But it requires a consistent process to guide that decision-making and a new set of skills for both leaders and employees. It also requires us to expand beyond hybrid and remote work, which are just two possible ways to work flexibly, and exclude nearly half of the workforce that needs to be onsite for their jobs. To fully seize the beneficial outcomes of high performance flexibility, organizations need to consider the full continuum of how, when, and where work can be done across the entire talent base.

We discuss this and much more, including my look ahead at how, when, and where I believe we’ll be working 10 to 25 years from now.

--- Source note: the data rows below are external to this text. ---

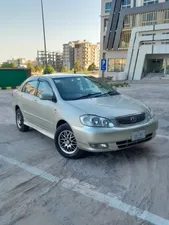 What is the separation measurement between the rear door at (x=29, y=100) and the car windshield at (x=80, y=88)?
83 cm

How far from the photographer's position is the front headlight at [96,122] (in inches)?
140

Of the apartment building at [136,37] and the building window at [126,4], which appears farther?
the building window at [126,4]

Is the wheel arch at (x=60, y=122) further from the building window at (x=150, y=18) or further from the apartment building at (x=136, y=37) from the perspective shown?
the building window at (x=150, y=18)

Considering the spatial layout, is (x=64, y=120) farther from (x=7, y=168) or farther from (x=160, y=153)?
(x=160, y=153)

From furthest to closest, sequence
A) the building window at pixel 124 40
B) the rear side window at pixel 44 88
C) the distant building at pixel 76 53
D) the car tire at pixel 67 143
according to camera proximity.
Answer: the distant building at pixel 76 53, the building window at pixel 124 40, the rear side window at pixel 44 88, the car tire at pixel 67 143

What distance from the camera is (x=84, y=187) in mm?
3111

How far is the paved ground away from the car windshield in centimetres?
125

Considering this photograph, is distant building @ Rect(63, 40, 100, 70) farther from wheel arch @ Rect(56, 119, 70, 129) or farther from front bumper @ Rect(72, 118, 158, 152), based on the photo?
front bumper @ Rect(72, 118, 158, 152)

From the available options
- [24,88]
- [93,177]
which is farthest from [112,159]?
[24,88]

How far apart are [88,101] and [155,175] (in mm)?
1804

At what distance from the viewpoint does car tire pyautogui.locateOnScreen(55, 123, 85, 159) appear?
397 centimetres

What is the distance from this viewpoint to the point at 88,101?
416 centimetres

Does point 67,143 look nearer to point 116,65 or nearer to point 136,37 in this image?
point 136,37

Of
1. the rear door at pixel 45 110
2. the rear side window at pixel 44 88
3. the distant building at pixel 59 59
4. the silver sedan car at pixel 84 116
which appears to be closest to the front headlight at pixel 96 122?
the silver sedan car at pixel 84 116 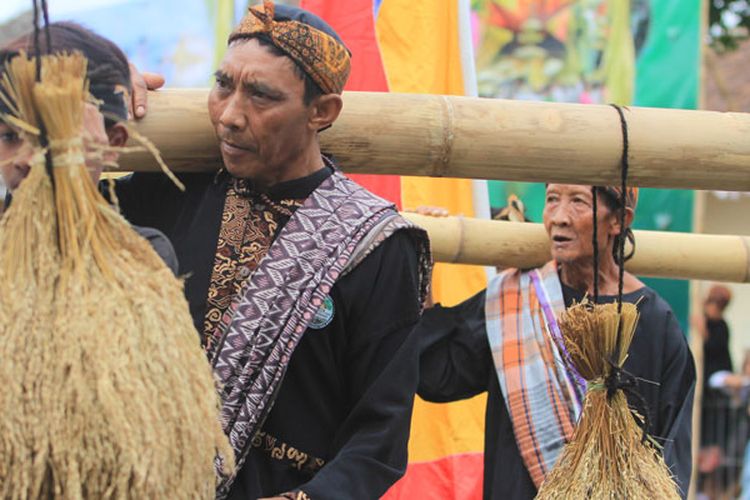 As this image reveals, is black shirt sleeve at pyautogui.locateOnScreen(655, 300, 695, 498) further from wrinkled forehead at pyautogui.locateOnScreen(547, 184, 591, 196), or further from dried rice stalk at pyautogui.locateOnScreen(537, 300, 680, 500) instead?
dried rice stalk at pyautogui.locateOnScreen(537, 300, 680, 500)

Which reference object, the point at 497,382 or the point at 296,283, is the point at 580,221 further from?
the point at 296,283

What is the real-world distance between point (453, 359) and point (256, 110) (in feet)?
6.39

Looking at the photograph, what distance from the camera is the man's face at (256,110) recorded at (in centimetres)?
309

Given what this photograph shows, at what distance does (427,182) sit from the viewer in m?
5.92

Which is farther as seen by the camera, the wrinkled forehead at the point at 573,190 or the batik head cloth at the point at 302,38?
the wrinkled forehead at the point at 573,190

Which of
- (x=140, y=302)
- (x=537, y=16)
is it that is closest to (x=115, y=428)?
(x=140, y=302)

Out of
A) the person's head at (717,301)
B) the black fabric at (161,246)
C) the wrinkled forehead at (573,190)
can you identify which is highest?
the black fabric at (161,246)

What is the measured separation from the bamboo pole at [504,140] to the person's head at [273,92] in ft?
0.55

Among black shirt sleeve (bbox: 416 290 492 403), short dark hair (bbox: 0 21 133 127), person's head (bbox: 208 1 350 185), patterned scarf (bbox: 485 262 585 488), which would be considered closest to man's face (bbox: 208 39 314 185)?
person's head (bbox: 208 1 350 185)

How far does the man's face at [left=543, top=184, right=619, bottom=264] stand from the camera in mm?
4719

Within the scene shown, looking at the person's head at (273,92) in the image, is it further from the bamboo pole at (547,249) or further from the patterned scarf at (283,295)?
the bamboo pole at (547,249)

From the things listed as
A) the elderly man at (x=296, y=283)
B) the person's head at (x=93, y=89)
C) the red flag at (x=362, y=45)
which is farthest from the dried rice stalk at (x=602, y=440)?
the red flag at (x=362, y=45)

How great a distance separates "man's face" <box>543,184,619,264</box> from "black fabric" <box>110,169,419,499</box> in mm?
1625

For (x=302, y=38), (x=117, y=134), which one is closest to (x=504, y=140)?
(x=302, y=38) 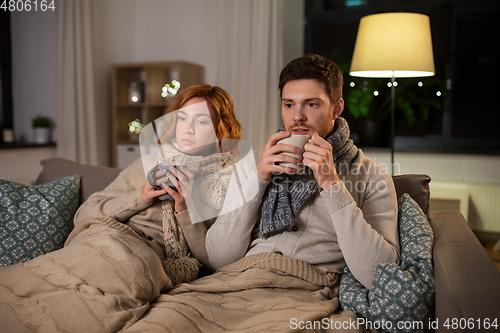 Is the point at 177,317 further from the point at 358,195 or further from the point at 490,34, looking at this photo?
the point at 490,34

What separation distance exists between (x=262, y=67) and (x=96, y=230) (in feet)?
8.53

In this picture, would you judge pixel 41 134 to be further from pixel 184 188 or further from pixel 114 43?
pixel 184 188

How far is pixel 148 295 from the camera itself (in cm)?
110

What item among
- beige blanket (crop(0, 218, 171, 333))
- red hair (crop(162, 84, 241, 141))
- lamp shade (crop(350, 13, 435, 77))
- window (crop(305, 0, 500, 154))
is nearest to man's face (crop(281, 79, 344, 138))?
red hair (crop(162, 84, 241, 141))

Listen to the full episode.


In the Boardroom and Why Values are Foundational to High Performance Flexibility

Produced by BDO’s Center for Corporate Governance, BDO in the Boardroom is a podcast for board of directors and those charged with governance. I joined Amy Rojik, Managing Partner, Corporate Governance, on a recent episode to address whether today’s directors truly comprehend the new reality of work and how it’s fundamentally changed.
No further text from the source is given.